You do you! I do enjoy making designs, hence my modding repertoire. But you made this thread with the rather provocative title of "Why ask for an Italy civ when you can reasonably ask for two Italian based civs?", so I am going to respond giving my reasoning for why I think two Italian civs are completely superfluous.
To be clear, on a theoretical level, this is all fine. I have no problems having separate Athens and Spartan Civs, separate Kingdom of Sicily and Republic of Venice civs. You could make separate Calakmul and Tikal civs too.
There IS a very clear argument to be made that they all should be separate. Back in Civ 5, I made a Tuscany civ, and helped some friends make a separate Milan civ. We also split Greece up into Athens, Sparta, Pergamon and Macedon. We also broke Egypt into half a dozen pieces.
I'm only arguing against this on a "should Firaxis actually ever do this" level. There are limited resources, and if they ever decided "You know, we need Rome AND Venice, AND Piedmont-Sardinia" in the same game while Africa the Americas remain as sparse as they currently are, I'm gonna cry Eurocentrism and possibly boycott the thing out of principle.

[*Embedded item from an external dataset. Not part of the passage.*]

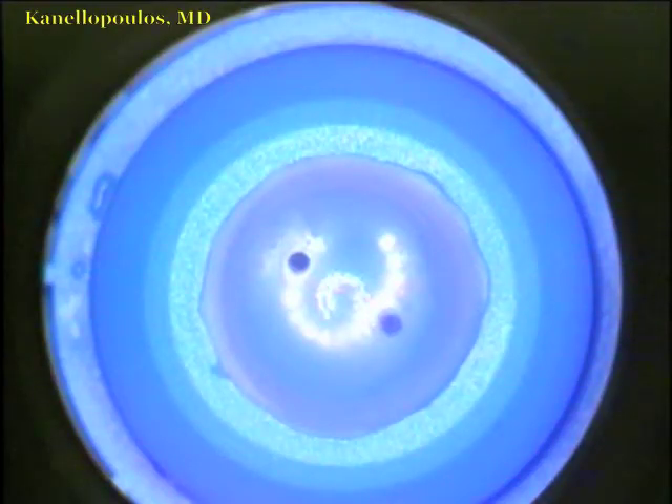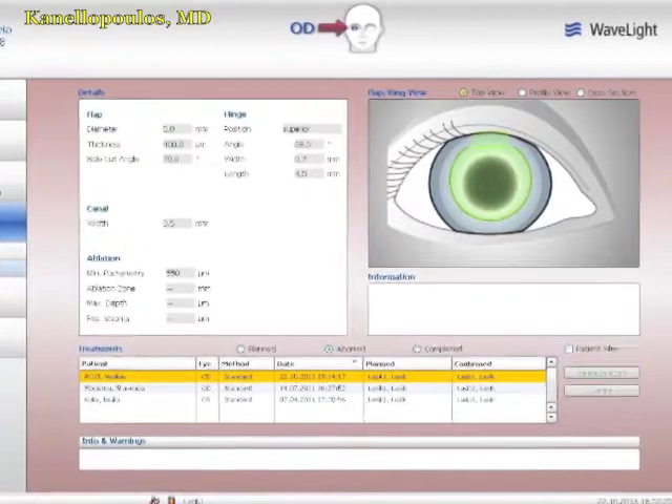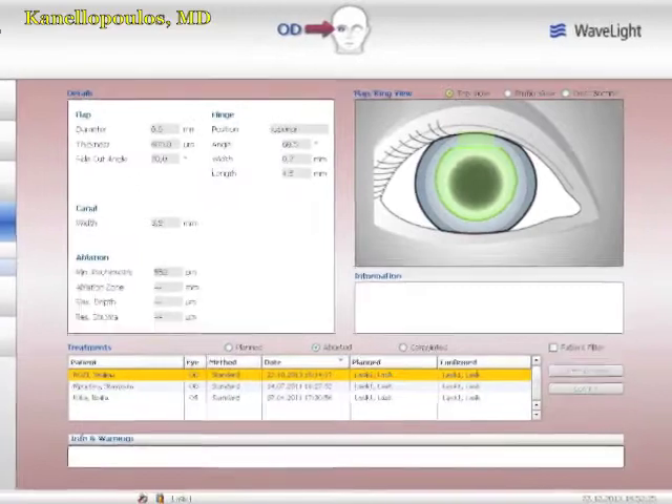You'll see here the donor cornea on a single-use artificial chamber. We use the FS200 Wavelight Alcon femtosecond laser. You can see the settings here. We're going to do a pocket — 8mm diameter at 400 microns depth. These are the femtosecond laser settings.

On the other hand if the next Civ game somehow has Siam, the Khmer, Burma, Indonesia, the Philippines, Mali, the Zulu, Kongo, Benin, the Ashanti, Kilwa, Great Zimbabwe, the Hausa, Morocco, the Chola, the Mughals, the Mauryans, the Haudenosaunee, the Haida, the Shoshone, the Cree, and the Navajo already, then go ahead. You seem to acknowledge that those regions could do with more attention, so perhaps we aren’t disagreeing at all here.
In a game where Germany is led by a Holy Roman Emperor, but has a U-Boat as a unique unit, where Eleanor of Aquitaine and Victoria both rule England (about 700 years difference), where there China's Unique Unit (ca. 1350 AD), and their Leader (ca. 210 BC) is separated by about 1500 years, this is not a valid point.
To be frank: there's nothing special about intra-Italian politics. It's a bunch of squabbling city-states with related cultures, that we consider one group today because there's a unified state. No it doesn't quite make sense for Lorenzo de Medici to found and rule Palermo, or for Enrico Dandolo to be controlling Genoa. But neither does it make sense for Pericles to rule Sparta when the man is known for controlling the anti-Sparta faction during a war where the entire Greek world was basically split between Athens and Sparta.
The Mayans are probably an excellent comparison (and its politics during the Classical period HAS been compared to that of Italy). Multiple squabbling states. Varying degrees of influence from outside cultures. Multiple Mayan languages that are not necessarily mutually intelligible. From the cities I mentioned for instance Tikal and Calakmul were intense rivals during the Classic Period (250–900 AD). Tikal's culture and architecture was influenced by foreign invaders after they were conquered by Teotihuacan who installed a new dynasty there, whereas Calakmul's lineage was native Mayan, tracing its roots back to El Mirador. Lady Six Sky herself ruled Naranjo, which was a smaller City-State that was part of the Calakmul side of the alliance. Strictly speaking, it makes no sense for her to rule Tikal. She may not have identified with them or their culture. She still can found and rule Tikal.
Besides, like it or not, we ultimately do have an unified Italy. If you get down to it, we never did have a unified Mayan state, or a unified Cree state, or a unified Maori state. Meanwhile Gran Colombia stuck around for 12 years and broke into a million pieces.
I'd like to point out saying "And France, England, the HRE united long enough to fight the Third Crusade" doesn't really mean we should have a united Christendom civ
India is a mess, frankly. It covers millennia, two language families (at least all the major languages of Italy are from the same family), and too many religions. And then the Muslims attacked and made everything even more confusing (Mughal civ when TBH).
I don’t know much about Indian history frankly, I just know enough to be able to say they certainly need more love than they’ve been given.
Frankly, I think Scotland was a Eurocentric choice. Meanwhile France and Gaul is probably even more distant than Rome and Italy.